Let’s envision how that would apply to the events of the day. Over the weekend, Trump said that members of the January 6th Committee, including Adam Schiff (California’s newly elected senator) and Liz Cheney, should be jailed. A subsequent Times story might note that the committee was investigating Trump’s efforts to overturn the 2020 election, quoting people to that effect. The bias meter would then note that many Americans believe that Trump was innocent and that he actually won the 2020 election. It would quote somebody to that effect. Readers could then add their doubtless measured comments to that effect as well.
In fact, Soon-Shiong’s brainstorm comes at a moment when the MAGA movement is dead set against empiricism, and exists to support a political leader whose rise has been powered by nearly constant Big Lies. Under the wafer-thin guise of objectivity, the “bias meter” will give equal weight to fictions that undercut the facts that the Times reports.
That this meter will apply to the paper’s opinion pieces as well as its news reporting is, well, mind-boggling.

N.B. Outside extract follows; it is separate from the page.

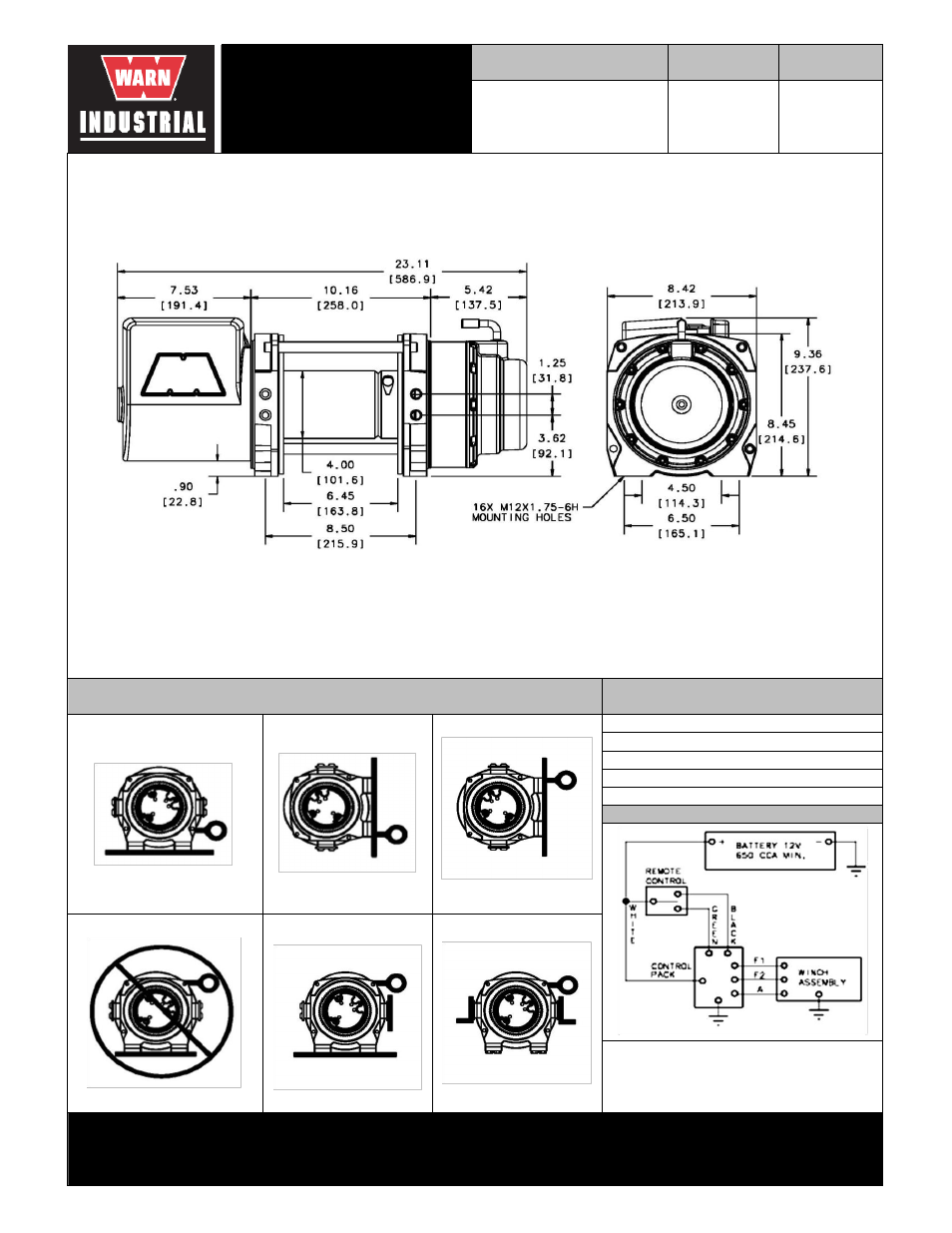 Warn industrial winch | WARN Severe Duty 12 User Manual | Page 2 / 2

No opinion piece of any merit has ever been published to which someone didn’t object. For that matter, what about pro-Dodger sports columns? Movie reviews?
I don’t write this as someone who thinks the Times is flawless. From 1989 through 2001, I was the news and politics editor of L.A. Weekly, in which capacity I would periodically comment on stories that I thought the Times had gotten wrong or simply missed. But I never thought that the journalists at the Times weren’t scrupulously conscientious in digging for and reporting the facts, and they remain so today.

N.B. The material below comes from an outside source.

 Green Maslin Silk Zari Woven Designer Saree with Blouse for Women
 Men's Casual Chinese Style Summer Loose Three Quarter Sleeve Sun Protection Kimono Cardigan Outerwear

Time was when the Times was an organ of the state’s Republican Party. Its chief political columnist, Kyle Palmer, often functioned as the party’s one-man primary electorate, selecting its nominees not only by touting them in print but actually dictating formal endorsements in closed-door party meetings. But that all ended in 1960, when a new publisher—Otis Chandler—compelled the paper to become, in a word, empirical. Indeed, when Richard Nixon lost the 1962 gubernatorial election to Democrat Pat Brown, he attacked the Times for failing to boost his campaign in its news coverage, the kind of thing that had been routine in the pre-Otis days. One can only imagine the flood of accusations his supporters would have inserted in the paper’s stories had they then been able to access Soon-Shiong’s bias meter. And Nixon’s supporters weren’t remotely as sloshed in the kind of pervasive fictions that “inform” the MAGA faithful of today.

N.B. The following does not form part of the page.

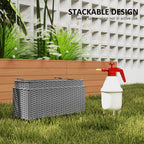 2 Pack 20" Railing Planter Boxes with Hooks and Drainage, Grey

Soon-Shiong made his fortune, currently estimated to be roughly $8 billion, in biotech, an industry whose participants are ever attuned to such matters as government regulations and approvals. The Times is a side project for him, just as The Washington Post is a side project for its owner, Jeff Bezos, whose fortune, of course, overwhelmingly consists of his stock in Amazon. Like Soon-Shiong, Bezos compelled his paper’s editorial board not to run the Harris endorsement it had drafted, and like Soon-Shiong, he is surely cognizant of Trump’s power to adversely affect his wealth and power.
CEOs and the mega-rich are reportedly adding to their security details since the murder last week of UnitedHealthcare’s CEO. The real threat to Soon-Shiong, I suspect, isn’t some earthly miscreant, but rather, as with Don Giovanni, a ghostly one: the shade of John Peter Zenger, patron saint of the American free press, rising from the grave and dragging him down to hell.